In the Loop
Faculty News : Jun 23, 2016

Sergio Vega's installation "The Lost Steps (after Steichen, Oiticica and Derrida)" at the Orlando Museum of Art

Sergio Vega’s installation “The Lost Steps (after Steichen, Oiticica and Derrida)” is being exhibited at the Orlando Museum of Art now through Aug. 14.

This project is part of a larger project Vega has been working on for over 20 years, which he has shown in over 30 countries. The larger project, called “Paradise in the New World,” has to do with the search for the Garden of Eden in Brazil.

Vega, a professor of Photography and Sculpture in the School of Art + Art History, found a theory from the 17th century that located utopia in South America. Vega decided to search for paradise, which was a location blessed by God with the beauty of nature. He found the location and decided to conceptualize how the idea of utopia related to the experience of this site. He looked here for paradise and also, the opposite of paradise, dystopia, to create a friction that explores the human desire to return to a pristine nature, prior to sin.

Vega drew inspiration for “The Lost Steps” art installation from Edward Steichen, Helio Oiticica and Jacques Derrida. 

According to Vega, Steichen’s exhibit, called the “Family of Men” is the highest point of humanistic photography, which was developed after World War II. The photography focused on a hopeful perspective of humankind’s commonalities by capturing daily activities, such as love, marriage, children playing, men and women at work and eating. It was the first exhibition of photography that was conceived as an installation. Some works were hung from the ceiling; others were pasted into a collage. The exhibit had photographs in all sizes. Ultimately, the exhibition created a maze of photography, which Vega views as possibly the greatest photography exhibition of all time. This re-dimensioning of photography to display the promise of modernity is what interested Vega about Steichen's exhibition.

Vega is trying to show the failure of the promises that inspired the modernist project in the Americas. In the developing countries, Modernism promised the emancipation of the masses through technological progress and equal opportunity, but what came along with it was a power structure centralized in the big cities. People from the countryside, of tribal descent, or migrants working in agriculture moved to the city to find employment. Nonetheless, they had no housing. For that reason, they created improvised dwellings that became Shantytowns. Vega’s perception of South American shantytowns in his exhibit follows the logic of French philosopher, Jacques Derrida’s theory of deconstruction. Shantytowns are excentrically located in relation to the city's center, and in most cases are made out of debris and reused materials discarded by the city and its industries.

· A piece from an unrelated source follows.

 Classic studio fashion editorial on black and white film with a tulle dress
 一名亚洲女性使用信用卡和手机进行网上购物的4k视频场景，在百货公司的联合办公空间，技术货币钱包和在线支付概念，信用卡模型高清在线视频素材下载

“A wall may be made with an advertising sign or a piece of cardboard or whatever you have on hand,” Vega said. “That kind of collage is what I am interested in. I could not just show these images as framed photographs,” Vega said. ”I have to show the in space as a collage, because if you think about it, a shantytown is a kind of perversion of collage since the collage-like structure of the shanties were not created to look visually appealing, they were created out of necessity."

In addition, Vega borrows his ideas of color from Helio Oiticica, who wanted to convey the notion of painting liberating itself from its canvas and the structure of the stretcher and instead, projecting itself into space. The project that inspired Vega was called “Nucleus,” which featured bright-yellow panels hanging from the ceiling in the form of a grid. Vega uses the yellow color as an active background to present photography as a sculptural experience.

The images in Vega's art installation are photographs he has taken in Brazil of domestic spaces, like men fixing a motorcycle or a child in the middle of a patio surrounded by chickens and a parabolic antenna. He also displays photos of improvised and primitive dwellings. In his exhibition, Vega recreates Steichen’s model of walking through a maze of photography to give viewers the impression that they are walking through a Shantytown.

Most photographs and paintings are seen from a single point of view. You stand in front of the painting or the photograph and you see it all from one perspective. What happens with installation art is that you are proposing an active viewer moving through the space and having multiple points of view that are personal, Vega said. “You feel surprised by what you encounter, and you explore spaces that are unpredictable because of the improvised architecture and marginal condition of the shanties,” Vega said.

Vega will next travel to Paris, France, to work on a different project, which is based on the history of the Paris Commune of 1871.